Further, in some embodiments, as further described below, AP 112 can be configured to perform methods for encryption and protection of MAC headers and/or control frames.

FIG. 5—Client Station Block Diagram

FIG. 5 illustrates an example simplified block diagram of a client station 106, which can be one possible exemplary implementation of the device 100 illustrated in FIG. 4. According to embodiments, client station 106 can be a user equipment (UE) device, a mobile device or mobile station, and/or a wireless device or wireless station. As shown, the client station 106 can include a system on chip (SOC) 300, which can include portions for various purposes. The SOC 300 can be coupled to various other circuits of the client station 106. For example, the client station 106 can include various types of memory (e.g., including NAND flash 310), a connector interface (I/F) (and/or dock) 320 (e.g., for coupling to a computer system, dock, charging station, etc.), the display 360, cellular communication circuitry (e.g., cellular radio) 330 such as for 5G NR, LTE, GSM, etc., and short to medium range wireless communication circuitry (e.g., Bluetooth™/WLAN radio) 329 (e.g., Bluetooth™ and WLAN circuitry). The client station 106 can further include one or more smart cards 315 that incorporate SIM (Subscriber Identity Module) functionality, such as one or more UICC(s) (Universal Integrated Circuit Card(s)). The cellular communication circuitry 330 can couple to one or more antennas, such as antennas 335 and 336 as shown. The short to medium range wireless communication circuitry 329 can also couple to one or more antennas, such as antennas 337 and 338 as shown. Alternatively, the short to medium range wireless communication circuitry 329 can couple to the antennas 335 and 336 in addition to, or instead of, coupling to the antennas 337 and 338. The short to medium range wireless communication circuitry 329 can include multiple receive chains and/or multiple transmit chains for receiving and/or transmitting multiple spatial streams, such as in a multiple-input multiple output (MIMO) configuration. Some or all components of the short to medium range wireless communication circuitry 329 and/or the cellular communication circuitry 330 can be used for ranging communications, e.g., using WLAN, Bluetooth, and/or cellular communications.

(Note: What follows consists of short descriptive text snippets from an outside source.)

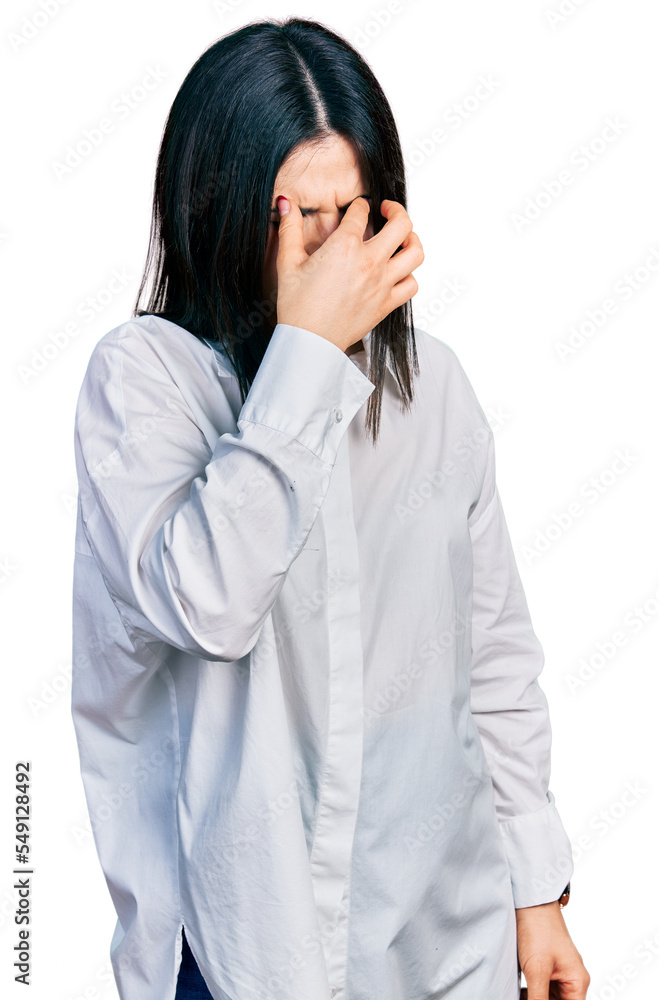 Young brunette woman with blue eyes wearing oversize white shirt tired rubbing nose and eyes feeling fatigue and headache. stress and frustration concept. Young brunette woman with blue eyes wearing oversize white shirt tired rubbing nose and eyes feeling fatigue and headache. stress and frustration concept.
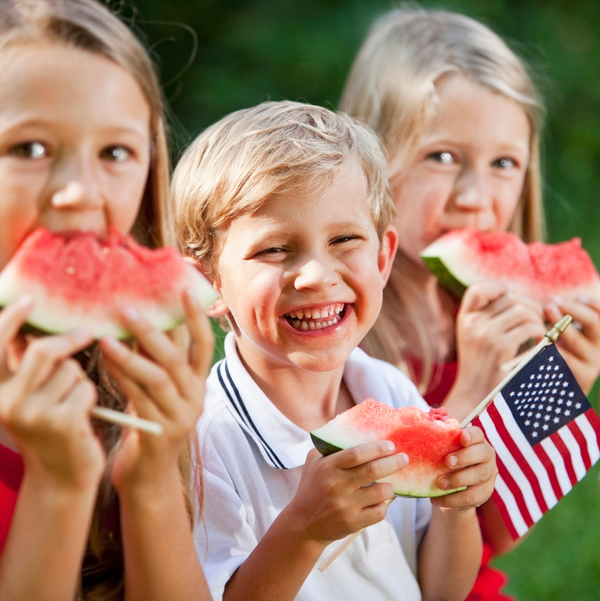 Three children eating watermelon outdoors with small American flag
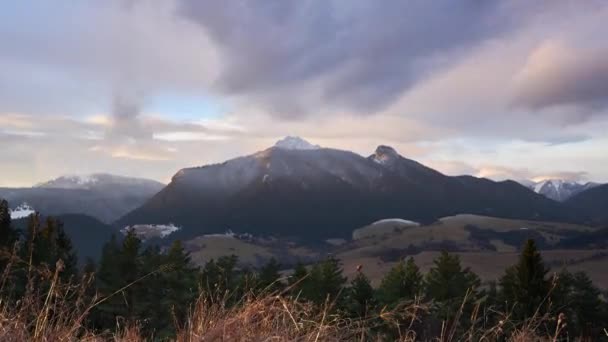 Morgen winterlandschap, besneeuwde bergtoppen. Wolken in beweging bij zonsopgang — Stockvideo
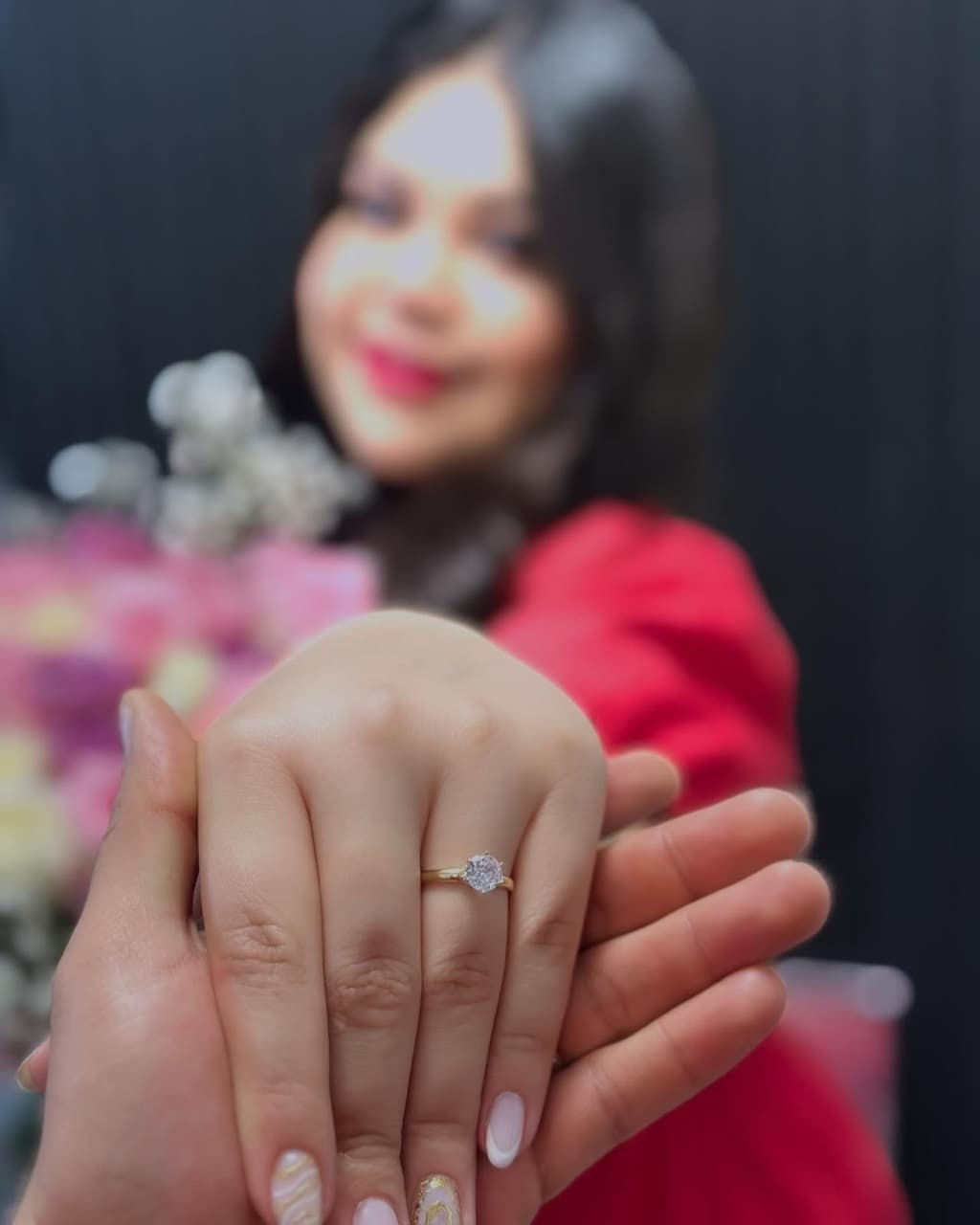 Las manos de la pareja mostrando el anillo de compromiso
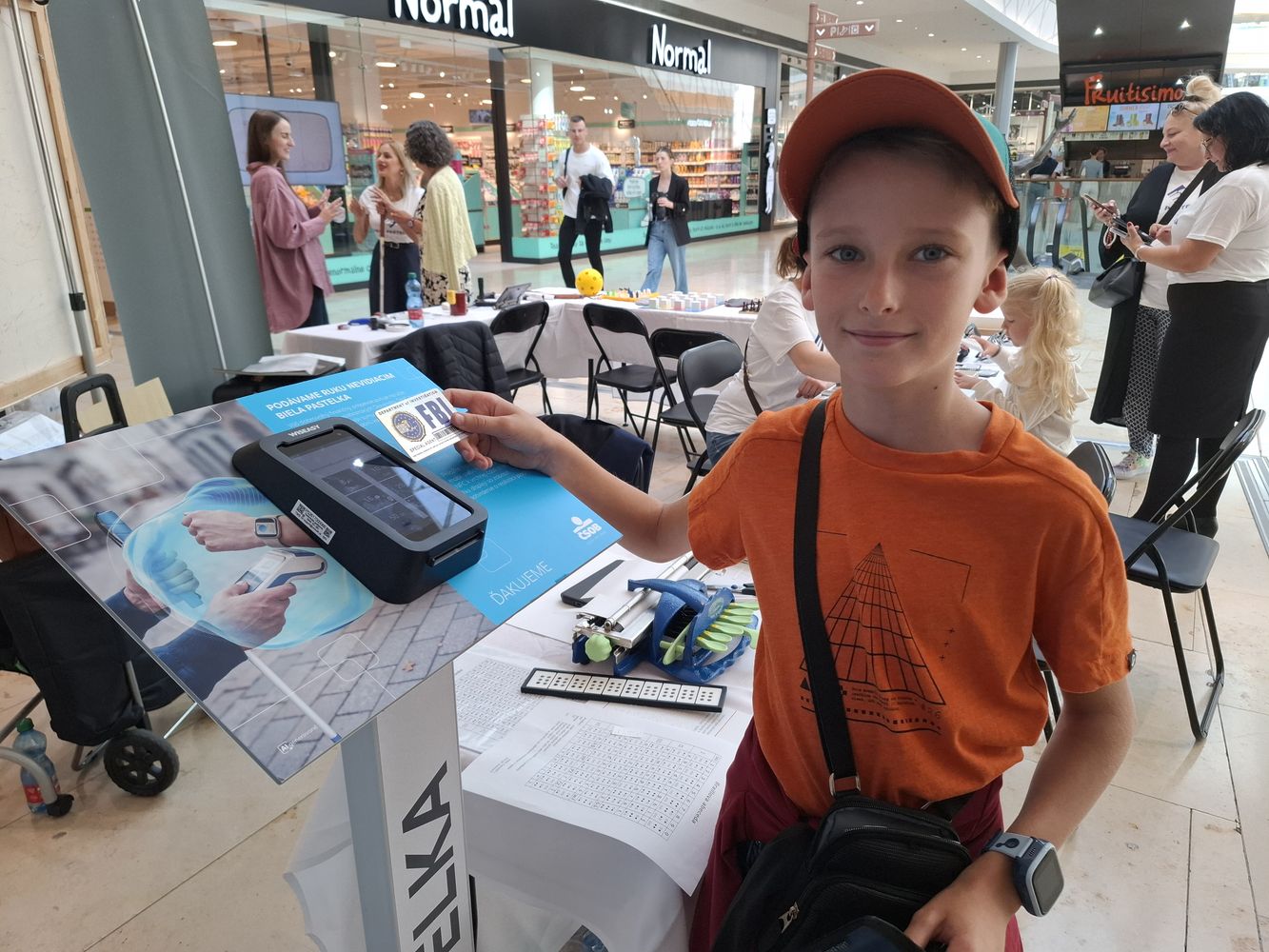 Začiatok alternatívneho popisu. Na fotografii je asi 10-ročný chlapec v šiltovke. Stojí pri termináli a prikladá k nemu platobnú kartu, ktorá vyzerá ako služobná karta agenta FBI. Terminál je umiestnený na stojane s nápisom Biela pastelka medzi infostánkami ÚNSS v nákupnom centre. Koniec alternatívneho popisu.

As shown, the SOC 300 can include processor(s) 302, which can execute program instructions for the client station 106 and display circuitry 304, which can perform graphics processing and provide display signals to the display 360. The SOC 300 can also include motion sensing circuitry 370 which can detect motion of the client station 106, for example using a gyroscope, accelerometer, and/or any of various other motion sensing components. The processor(s) 302 can also be coupled to memory management unit (MMU) 340, which can be configured to receive addresses from the processor(s) 302 and translate those addresses to locations in memory (e.g., memory 306, read only memory (ROM) 350, NAND flash memory 310) and/or to other circuits or devices, such as the display circuitry 304, cellular communication circuitry 330, short range wireless communication circuitry 329, connector interface (I/F) 320, and/or display 360. The MMU 340 can be configured to perform memory protection and page table translation or set up. In some embodiments, the MMU 340 can be included as a portion of the processor(s) 302.

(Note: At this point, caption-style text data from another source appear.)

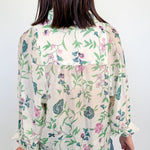 Person wearing a floral blouse with a white background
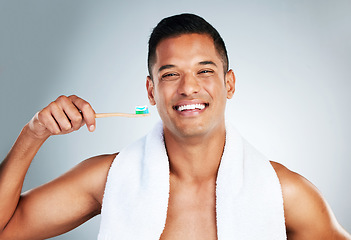 Image showing Mouth, dental and man brushing teeth in studio for hygiene, wellness and grooming against a grey background. Portrait, teeth and oral care by happy guy enjoying fresh, clean and toothpaste routine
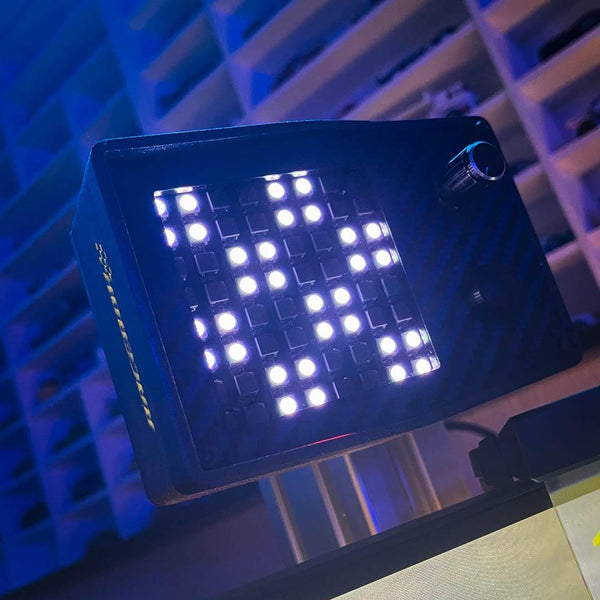 LED light panel with digital display on a blurred background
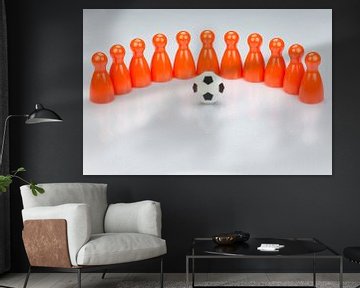 Conceptuele oranje speelpionnen als voetbalelftal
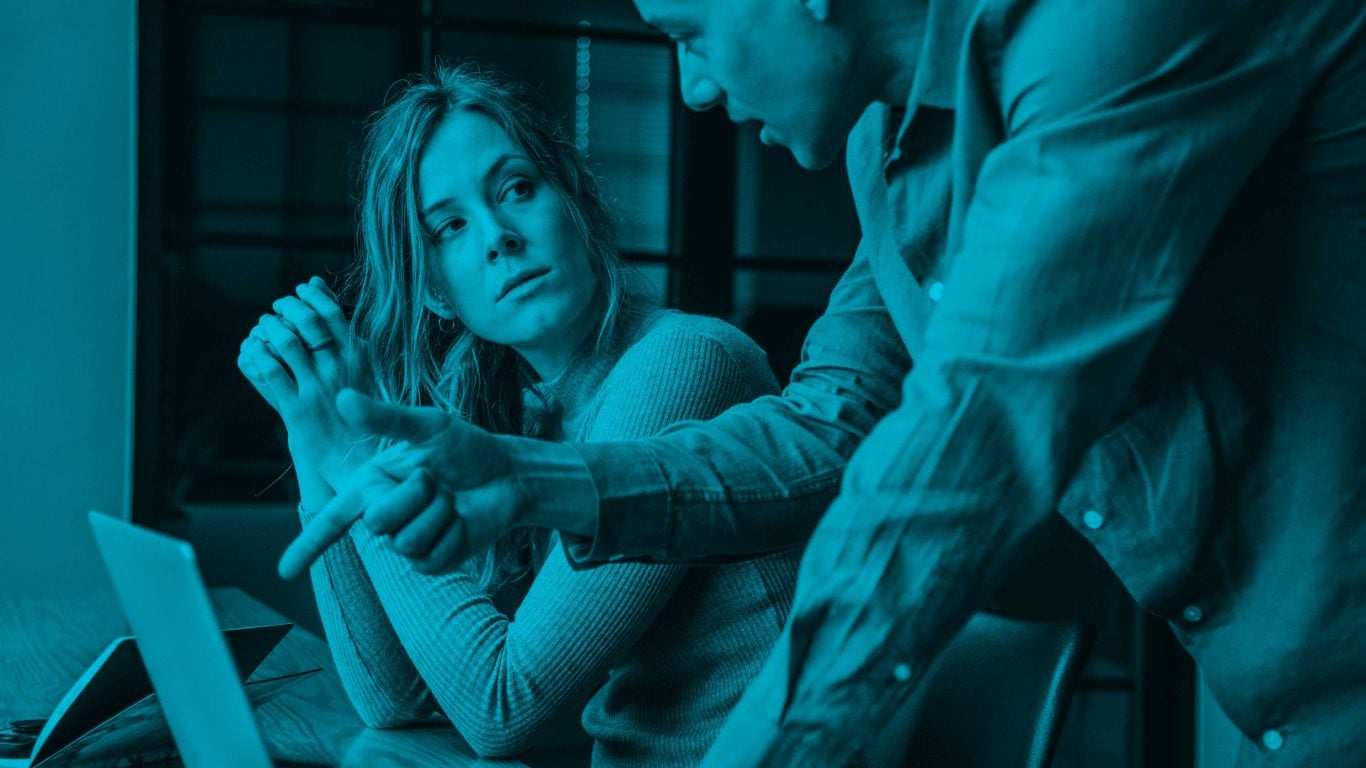 Woman seated at her computer looking up at male colleague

As noted above, the client station 106 can be configured to communicate wirelessly directly with one or more neighboring client stations. The client station 106 can be configured to communicate according to a WLAN RAT for communication in a WLAN network, such as that shown in FIG. 3 or for ranging as shown in FIG. 1.

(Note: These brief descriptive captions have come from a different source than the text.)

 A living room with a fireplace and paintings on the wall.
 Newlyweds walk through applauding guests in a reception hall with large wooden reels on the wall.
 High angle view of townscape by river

As described herein, the client station 106 can include hardware and software components for implementing the features described herein. For example, the processor 302 of the client station 106 can be configured to implement part or all of the features described herein, e.g., by executing program instructions stored on a memory medium (e.g., a non-transitory computer-readable memory medium). Alternatively (and/or in addition), processor 302 can be configured as a programmable hardware element, such as an FPGA (Field Programmable Gate Array), or as an ASIC (Application Specific Integrated Circuit). Alternatively (and/or in addition) the processor 302 of the UE 106, in conjunction with one or more of the other components 300, 304, 306, 310, 315, 320,329, 330, 335, 336, 337, 338, 340, 350, 360, 370 can be configured to implement part or all of the features described herein.

In addition, as described herein, processor 302 can include one or more processing elements. Thus, processor 302 can include one or more integrated circuits (ICs) that can be configured to perform the functions of processor 302. In addition, each integrated circuit can include circuitry (e.g., first circuitry, second circuitry, etc.) configured to perform the functions of processor(s) 204.

Further, as described herein, cellular communication circuitry 330 and short-range wireless communication circuitry 329 can each include one or more processing elements. In other words, one or more processing elements can be included in cellular communication circuitry 330 and also in short range wireless communication circuitry 329. Thus, each of cellular communication circuitry 330 and short-range wireless communication circuitry 329 can include one or more integrated circuits (ICs) that can be configured to perform the functions of cellular communication circuitry 330 and short-range wireless communication circuitry 329, respectively. In addition, each integrated circuit can include circuitry (e.g., first circuitry, second circuitry, etc.) configured to perform the functions of cellular communication circuitry 330 and short-range wireless communication circuitry 329.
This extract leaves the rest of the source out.